Mi riposo leggendo di animali. Una volta le formiche, un libro con la copertina azzurra ne narrava ogni tic, per me era una bibbia alternativa, micro energumene che via via nella lettura mi apparivano sempre più consapevoli, votate al misterioso, ineluttabile, loro mandato con una certa idea dell'esistenza. E le spiavo, mentre si infilavano nei buchi, incuranti della mia devozione, sempre qualcosa di urgente da risolvere, addosso una briciola, un frammento tremante, o quando nella mia cucina, zona lavello, si radunavano in gruppetti di sei sette. Mi sembravano bellissime, dee da venerare (qualcuno più bravo di me le aveva suddivise in diecimila specie), quanto il mio occhio può apparirgli gigantesco o il mio polpastrello quando ne punta una e diventa una collinetta che interrompe la loro strada invisibile e la solleva in aria e lei sempre lì, sopra, miracolosamente incollata al mio dito. Poi fu il turno delle farfalle, imparai che certe usano le navi per raggiungere luoghi lontani e caldi, alle loro ali polverose, inadatte per sorvolare il mare, hanno supplito così, con un passaggio, attaccate a una trave, riparate negli interstizi della ferraglia. E i ditteri svedesi, piccoli gioielli volanti, puf, sono caduta nel loro retino. Poi i lupi, e la mia testa tra le api, che angoscia una possibile loro estinzione, mi colavo sulla lingua un cucchiaino di miele come oro dolcissimo e tifavo per lui, alla faccia di cappuccetto. La mia domenica l'ho dedicata agli uccelli, il corvo è un mezzo genio, e chi ci pensava, il canto che imparano ascoltando i propri simili, e che varia, cambia a seconda del gruppo e della zona, una specie di dialetto musicale, ma dimmi tu. 




mercoledì 10 ottobre 2018

Povertà e brioches


Oh! Senza tetto
e il mio letto di nuovo
umido e freddo
(Ryōkan 1758-1831)

Dicono che sia in atto una rivoluzione eppure quando sento parlare di poveri, di reddito di cittadinanza e di manovra, ormai cambio canale. Mentre guardo i cartoni animati o un grande obeso dimagrito alle prese con la pelle che gli avanza o l'orso che si rotola nella neve, dall'altra parte lo sproloquio so che continua a fluire e so che nulla lo ferma, né la Corte dei Conti, né la matematica, né la memoria storica. L'unica è il telecomando ma è come girare la testa dall'altra parte già da sotto la ghigliottina.

(Siamo qui)

martedì 9 ottobre 2018

Sogno ricorrente


Svegliatomi da un sogno
trasalisco per il buio -
sera d'autunno.
(Mizuhara Shūōshi 1892-1981)


Sarà il periodo.

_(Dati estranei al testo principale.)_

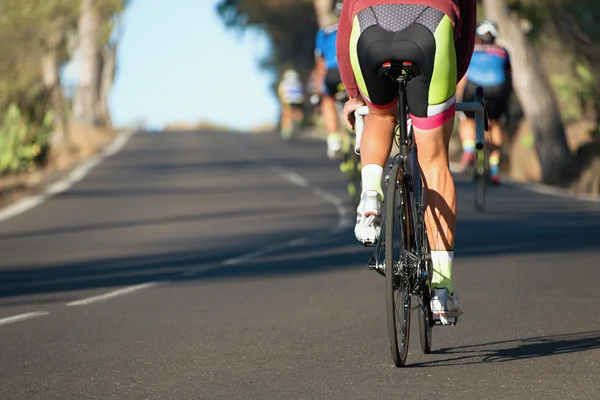 後ろから見た競争をサイクリング — ストック写真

Sarà che l'ultima immagine che l'iride registra prima di chiudere gli occhi è quella televisiva, la solita, un esponente del governo che digrigna i denti mentre parla. E i toni sprezzanti, l'aggressività, la manovra economica impugnata come un grimaldello. I mercati. Le tabelle con i numeri. I "sovranisti". Buonanotte cara, buonanotte caro. E va in onda l'inconscio.

Stanotte ho sognato che non riuscivo a usare lo smartphone. Le dita sulla tastiera bloccata, non riuscivo a digitare, non beccavo l'icona giusta. Ovviamente la telefonata che dovevo fare mi avrebbe salvata da qualcosa di orribile che, ovviamente, non ricordo.
Trasalisco per il buio
Mi torna in mente mio padre più giovane, mio coetaneo di oggi, che mi spiegava il significato dell'espressione "sogni ricorrenti". Come esempio portava un suo sogno dove lui non riusciva a comporre il numero sulla rotella del telefono, con le dita che scivolavano  e si impicciavano tra quei fori. 
Ero ragazzina, non avevo ancora grandi esempi da fare, lo ascoltavo.
Oggi che sogno le stesse cose che sognava lui penso ai supporti cambiati e alle noste medesime angosce.